_PROBLEM DETAILS:_
Reproduce every line below exactly as written; do not include the images.

_DATASET SECTION:_
● ● ● ●

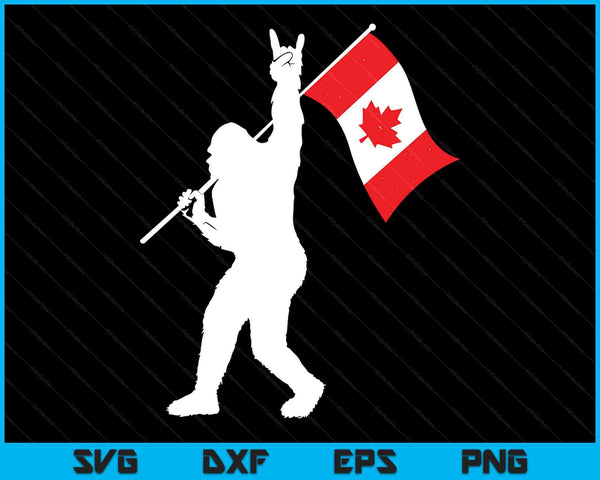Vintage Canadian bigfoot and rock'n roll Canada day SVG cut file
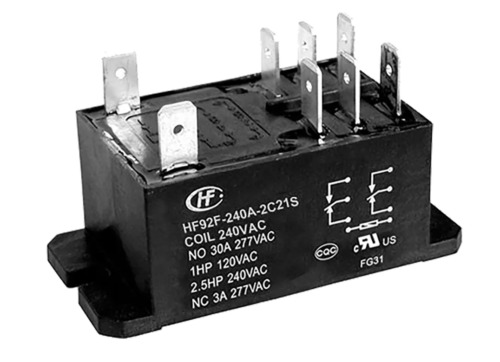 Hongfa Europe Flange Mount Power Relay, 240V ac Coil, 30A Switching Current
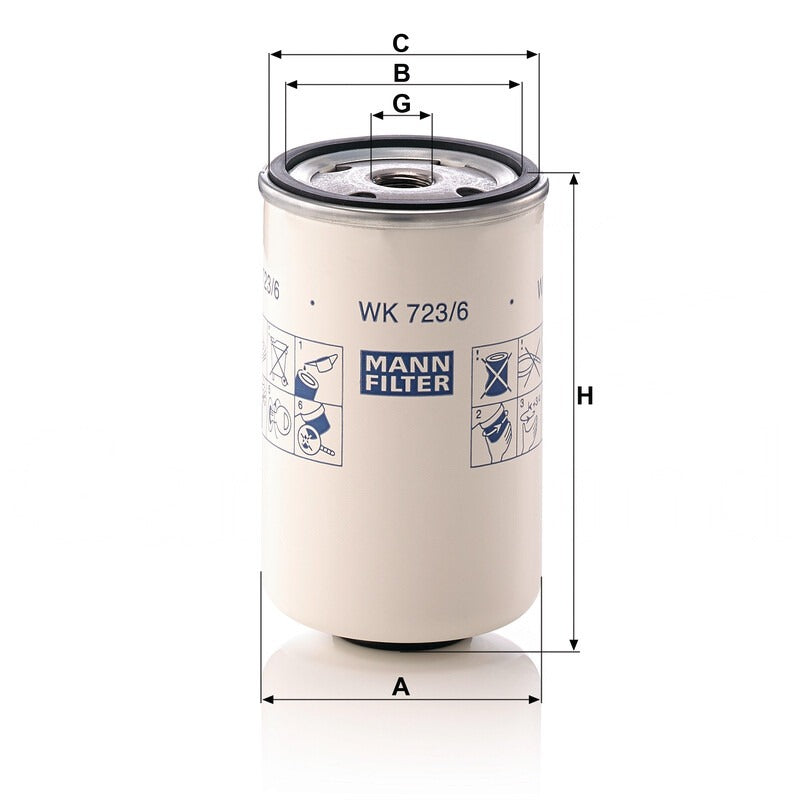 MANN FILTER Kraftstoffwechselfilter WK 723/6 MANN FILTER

● ● ● ●

_RESULT OF THIS EXERCISE:_
Vintage Canadian bigfoot and rock'n roll Canada day SVG cut file
 Hongfa Europe Flange Mount Power Relay, 240V ac Coil, 30A Switching Current
 MANN FILTER Kraftstoffwechselfilter WK 723/6 MANN FILTER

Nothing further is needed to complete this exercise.